According to a study published by the American Psychological Association, teens reported their stress level was 5.8 on a 10-point scale, compared with 5.1 for adults. 

This discussion has aroused much controversy in the sense that many adults believe that the amount of stress has either decreased or stayed the same. 

According to guidance counselor Mrs. Barbara Jean Mancini, “[The stress level] has increased. I believe that education taught is moving much faster. By junior year you’ll have enough credits to graduate. So what’s the point? Just because it is moving faster doesn’t necessarily mean you’re ready.” 

The current curriculum is moving at a much faster rate than before. As a result, middle schoolers can take high school classes and high schools can take college classes.  

The assistant principal for teaching and learning, Mrs. Donna Sweet, believes that the situation is a lot more uncertain. “I don’t know if it has increased or decreased,” she said.  “I think the type of stress has changed. In my opinion, kids have fewer coping skills. That is the missing ingredient. I think in general it’s the kind of stress that has changed because we now live in a world that is constant and constantly changing and growing.” 

A survey by the Current Wave found, 84% of the students that responded stated school is their biggest stressor and 37.2% stated they do not have the coping skills to help them. 

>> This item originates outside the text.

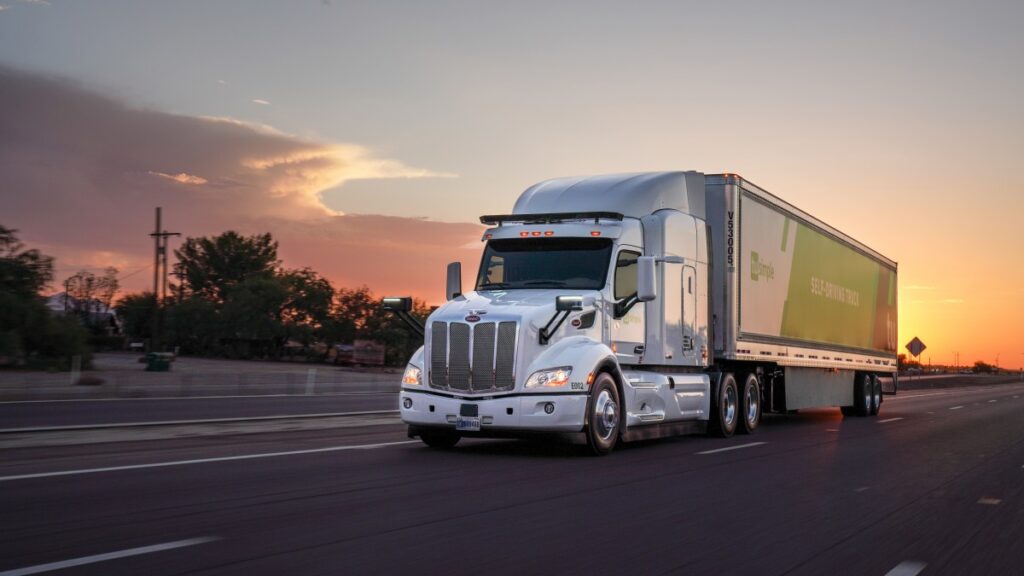 Report: TuSimple sent sensitive self-driving data to China after US national security agreement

When the students were asked what happens when they’re stressed, a student, who will remain anonymous, said “ When I’m stressed, I can’t think about anything besides what’s making me stressed. It’s like this weight on my shoulders that never goes away. Just when one assignment I’ve been stressed about is finally done, another one just comes to take its place. I’m in a constant state of guilt and can’t enjoy doing other things.” 

The students were also asked, “Has NKHS affected your mental health?” Most students explained that it has affected them negatively. 

Another anonymous student at North Kingstown High School said, “It’s like all the school work I have to get done. Yeah, it’s two days but I have other homework and when I’m sick I miss so much because sometimes it’s on paper and my friends can’t bring me the work so it just piles up and up and then I would usually cry about how much work I have to do with no time, but it’s a lovely school and most of the students here are nice” 

Students are found being greatly overwhelmed by the amount of work they are given in such little time. Most students have other things such as work or clubs they have to do after school, that they tend to run out of time to do homework.  

On top of school stress there comes stress from extracurricular activities. There is a lot of pressure for students to be well rounded. 

North Kingstown is a very competitive school when it comes to sports. The students who play sports for the school tend to have a major disadvantage when it comes to time for homework. The amount of homework given and the unrealistic expectations envisioned of students creates a great deal of stress that is affecting their overall academic performance. 

“I do think some adults lose sight of how important it is to be well rounded… and being well rounded doesn’t always mean being just a student,” said Mancini.